WORK TO COMPLETE:
Transcribe each line below verbatim; pictures excluded.

RECORDED DATA:
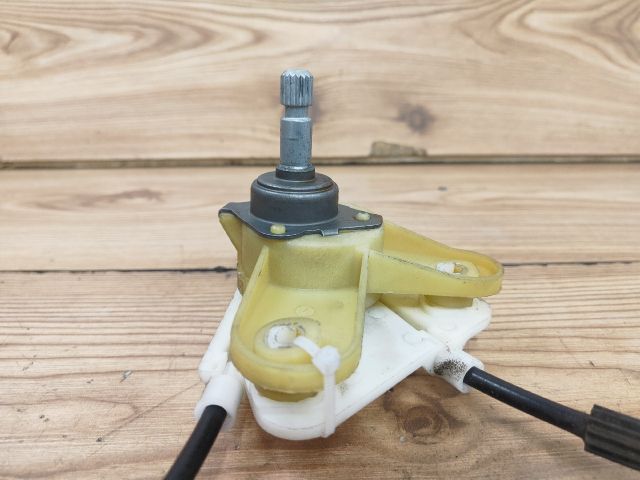 bontott SEAT ALTEA Bal hátsó Ablakemelő Szerkezet (Mechanikus)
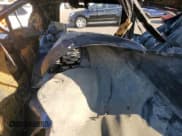 ✅ 2016 Toyota Tacoma Limited • VIN: 5TFGZ5AN8GX018081 • Лот: 89817955. Опубликован ранее на Copart с пробегом Не указан. Бесплатный доступ к архиву аукционных продаж из США и подробный отчёт об истории автомобиля на DreamBid. Изображение 10.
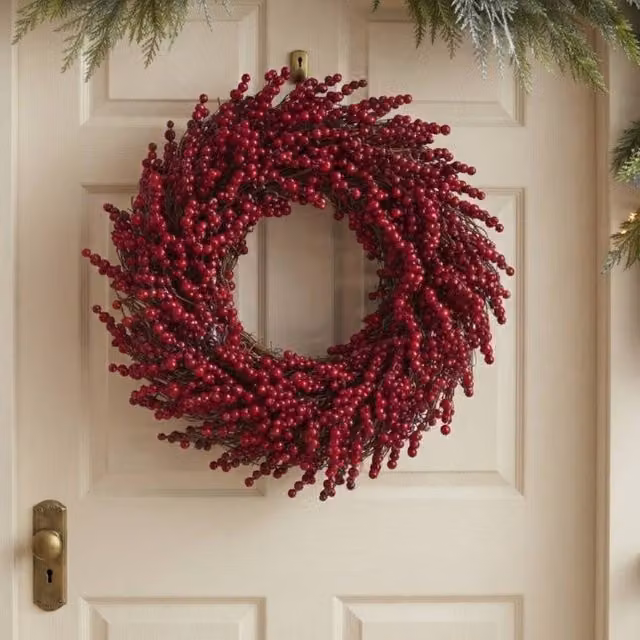 Garden Greatness Large Artificial Red Berry Christmas Wreath, Diameter: 60 cm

EXERCISE RESULT:
 bontott SEAT ALTEA Bal hátsó Ablakemelő Szerkezet (Mechanikus)
 ✅ 2016 Toyota Tacoma Limited • VIN: 5TFGZ5AN8GX018081 • Лот: 89817955. Опубликован ранее на Copart с пробегом Не указан. Бесплатный доступ к архиву аукционных продаж из США и подробный отчёт об истории автомобиля на DreamBid. Изображение 10.
 Garden Greatness Large Artificial Red Berry Christmas Wreath, Diameter: 60 cm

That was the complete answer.